▶ [WHAT YOU ARE ASKED TO DO]:
Quote only the lines that start at the line with "Casa com 3 Quartos, 100" and run to the end of the entries; omit the pictures.

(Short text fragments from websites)

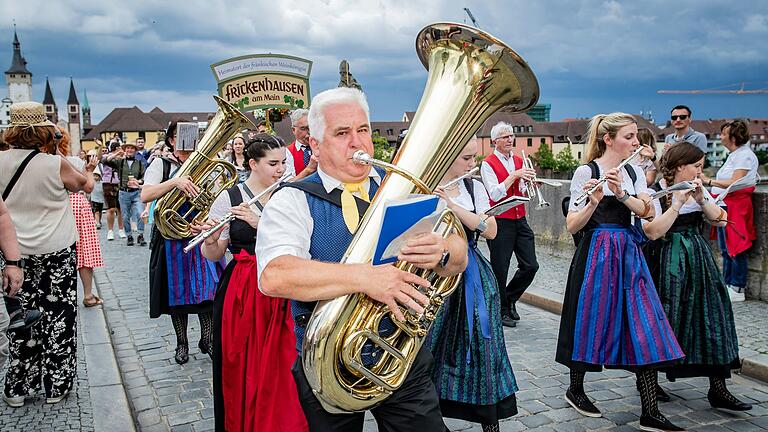 Zahlreiche Trachtengruppen und Vereine zogen am Samstag (6. Juli 2024) im Rahmen des Kiliani-Umzugs durch die Innenstadt in Würzburg. Der Umzug ist fester Bestandteil des Kiliani Volksfestes und findet traditionell am ersten Samstag des Festes statt. Zahlreiche Trachtengruppen und Vereine zogen am Samstag (6. Juli 2024) im Rahmen des Kiliani-Umzugs durch die Innenstadt in Würzburg. Der Umzug ist fester Bestandteil des Kiliani Volksfestes und findet traditionell am ersten Samstag des Festes statt.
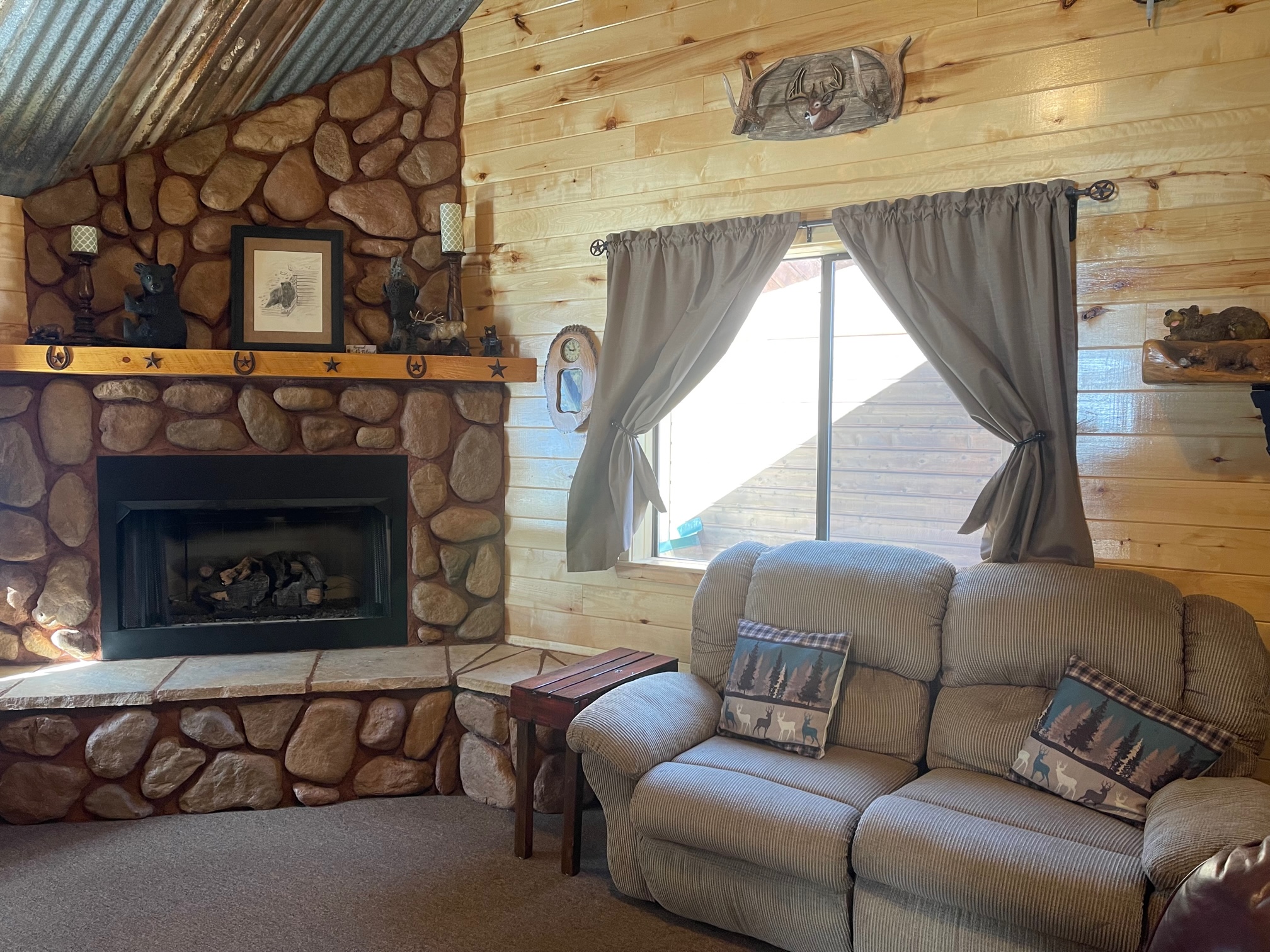 Cox Cabin on the River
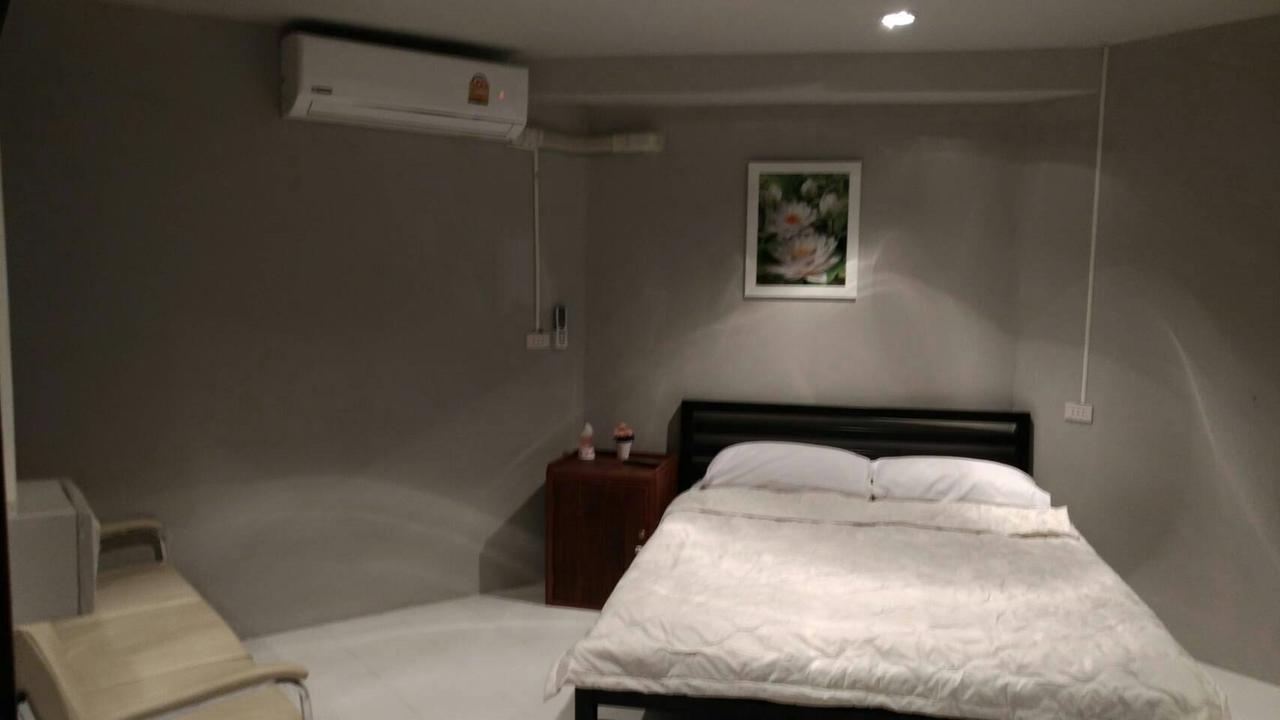Pk Hostel Phra Nakhon Si Ayutthaya Exterior photo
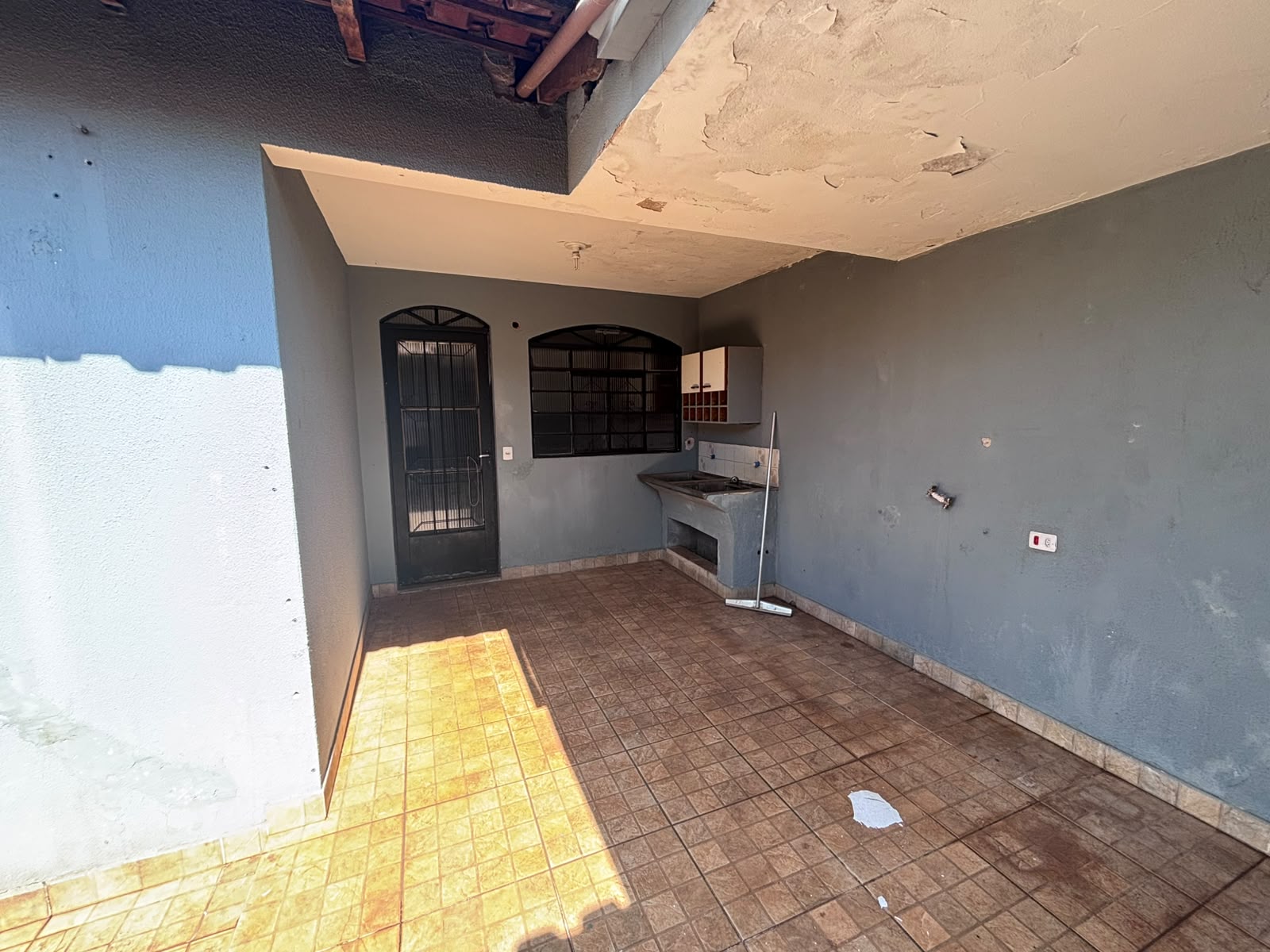 Casa com 3 Quartos, 100 m² - Conjunto Residencial Cidade Alta, Maringá/PR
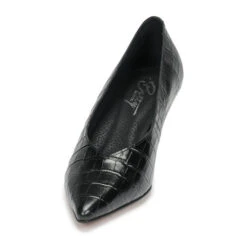 Betty London Nomanis -Betty London 18089558 500 C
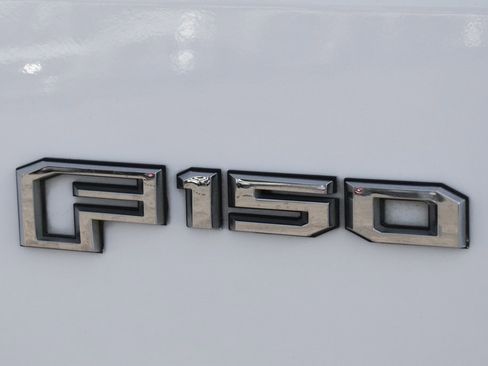 Used 2017 Ford F150 XLT w/ Equipment Group 301A Mid image 46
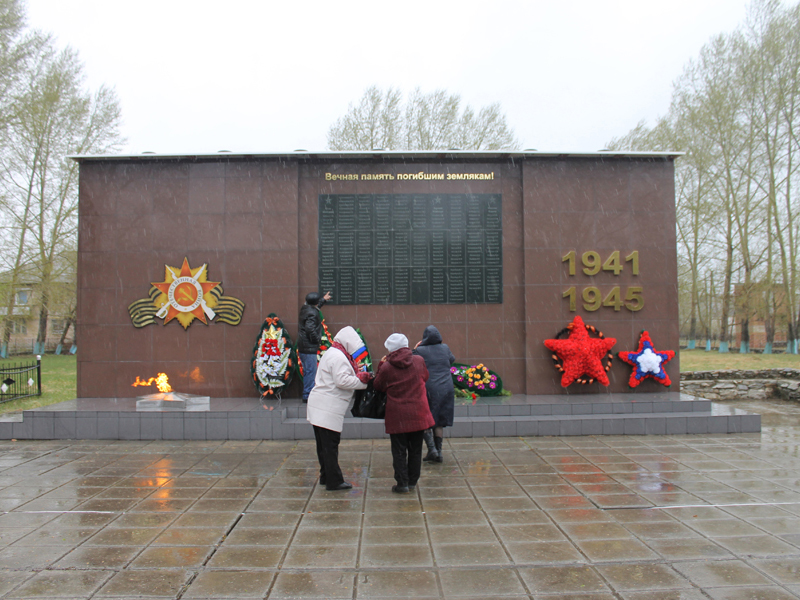 Новый мемориал погибшим землякам открыт в селе Шабурово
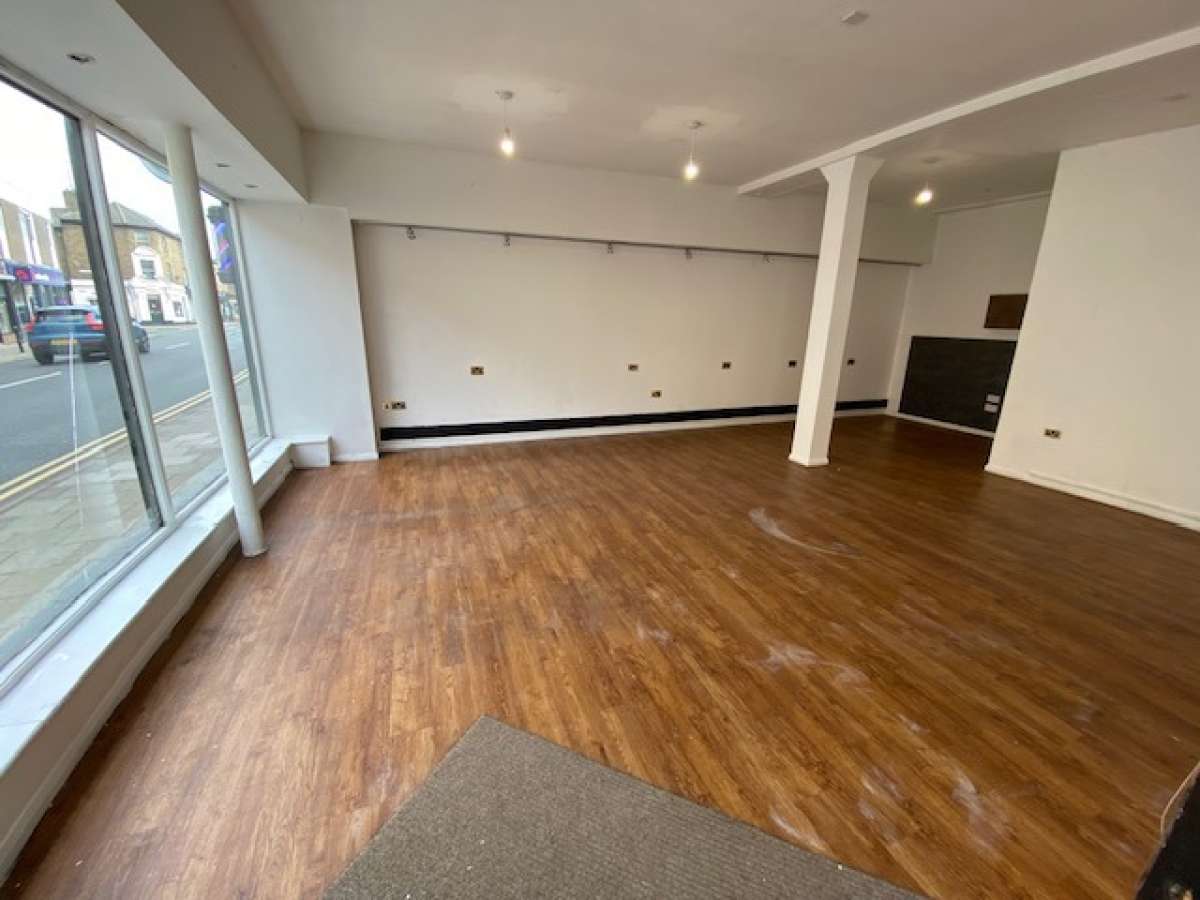 Retail/Shop in Ramsey - photo 3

▶ [ANSWER FOR THE TASK]:
 Casa com 3 Quartos, 100 m² - Conjunto Residencial Cidade Alta, Maringá/PR
 Betty London Nomanis -Betty London 18089558 500 C
 Used 2017 Ford F150 XLT w/ Equipment Group 301A Mid image 46
 Новый мемориал погибшим землякам открыт в селе Шабурово
 Retail/Shop in Ramsey - photo 3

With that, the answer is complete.